Er verweist darauf, dass nicht die gesamte Partei beobachtet werde, sondern die Jugendorganisation der Partei, der „Flügel” und einzelne Mitglieder, die bereits für viel Aufsehen gesorgt hätten. „Die Prüffälle sind nichts Besonderes, dies macht die Demokratie aus”, argumentiert Patzelt. Der ehemalige Spitzenpolitiker der AfD André Poggenburg habe kürzlich die AfD verlassen, weil die ihm zu normal geworden sei. „Der Wunsch von Herrn Lucke wäre, dass sich die AfD selbst von solchen Leuten trennt oder ansonsten hinnimmt, mit diesen gemessen zu werden”, erklärt der Experte. Sachsen-Anhalt sei mit dem ausgeschiedenen Poggenburg „da drinnen“, in Thüringen führe Höcke ganz bewusst den rechten Flügel der AfD an, in Sachsen sei das der Dresdner Richter Jens Maier. Sie würden durch Äußerungen Aufsehen erregen, die man von den Konservativen in Deutschland jahrzehntelang nicht gehört habe.
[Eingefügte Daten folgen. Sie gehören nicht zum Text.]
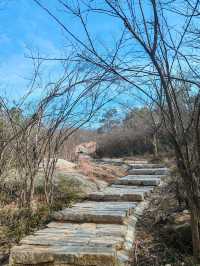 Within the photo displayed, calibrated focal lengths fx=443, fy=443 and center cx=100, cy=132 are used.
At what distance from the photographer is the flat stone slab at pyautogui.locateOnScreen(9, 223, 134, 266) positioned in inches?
165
„Die meisten AfD-Wähler sind keine Extremisten”
Die AfD dürfte als eine Protest-Partei entstanden sein. Den Wunsch nach Protest findet Patzelt legitim.
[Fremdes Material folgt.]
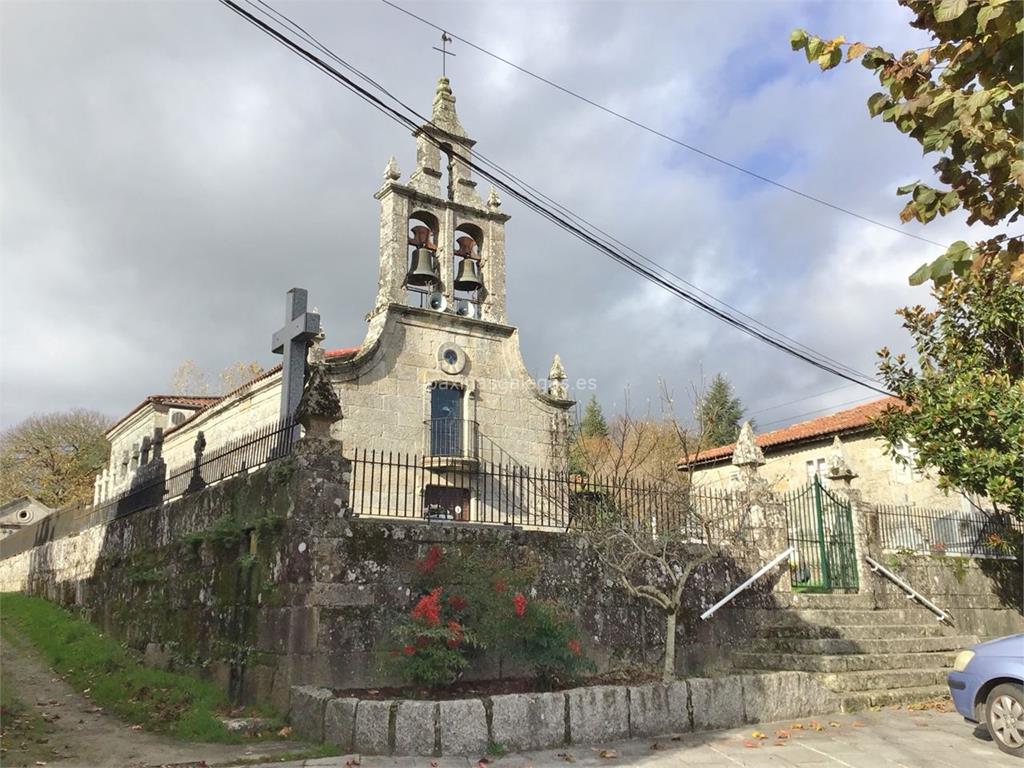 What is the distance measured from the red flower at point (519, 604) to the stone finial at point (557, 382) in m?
13.5

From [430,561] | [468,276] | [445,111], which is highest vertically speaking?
[445,111]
„Nun muss die AfD in ihrem Wachstumsstadium entscheiden, wie sie mit diesem Protest umgeht: Ob sie eine normale Oppositionspartei rechts von der Union wird oder Partei zur Herabwürdigung des gesamten politischen Systems”, betont Patzelt weiter.
Die Vernünftigen in der AfD ruft er dazu auf, sich nicht von den Extremisten einlullen zu lassen. Alle politischen Machtkampfinstrumente seien gut, solange es keinerlei Begründung von Rassismus, Verharmlosung des Nationalsozialismus sowie der Verbrechen des Zweiten Weltkrieges und des Holocaust und Herabwürdigung der Demokratie als gültiges politisches System gebe, betont der Politologe. „Wenn die gemäßigten AfD-Mitglieder diese drei Dinge hochsetzen, dann lösen sie sich von jenen ab, die dem Rechtsextremismus zugeneigt oder diesem schon längst verfallen sind”.
Gleichzeitig verweist er darauf, dass die meisten AfD-Wähler die Partei nicht aus besonderer Zuneigung wählen würden, sondern aus Protest gegen die Politik der bestehenden Parteien und damit insbesondere die CDU zum Kurswechsel veranlassen wollten. „Diese Wähler sind zum überwiegenden Teil überhaupt nicht rechtsextrem”, so Patzelt gegenüber Sputnik.
Zuvor hatte Bundesinnenminister Horst Seehofer (CSU) als Reaktion auf den Brief Bernd Luckes angekündigt, Beamte in der AfD prüfen zu wollen. Es geht darum, reagieren zu können, wenn es Hinweise darauf geben sollte, dass ein Beamter sich in einer extremistischen Gruppierung betätigt. Die Prüfung der Rechtslage, die vier bis acht Wochen dauern solle, gelte „ganz generell, für Rechts- wie für Linksradikale“, so Seehofer. Der AfD-Vorsitzende Jörg Meuthen hatte die Prüfung befürwortet. Kurz darauf hatte auch Berlins AfD-Chef, Georg Pazderski, bekannt gemacht, er wolle seine Partei einem „Reinigungsprozess” unterziehen.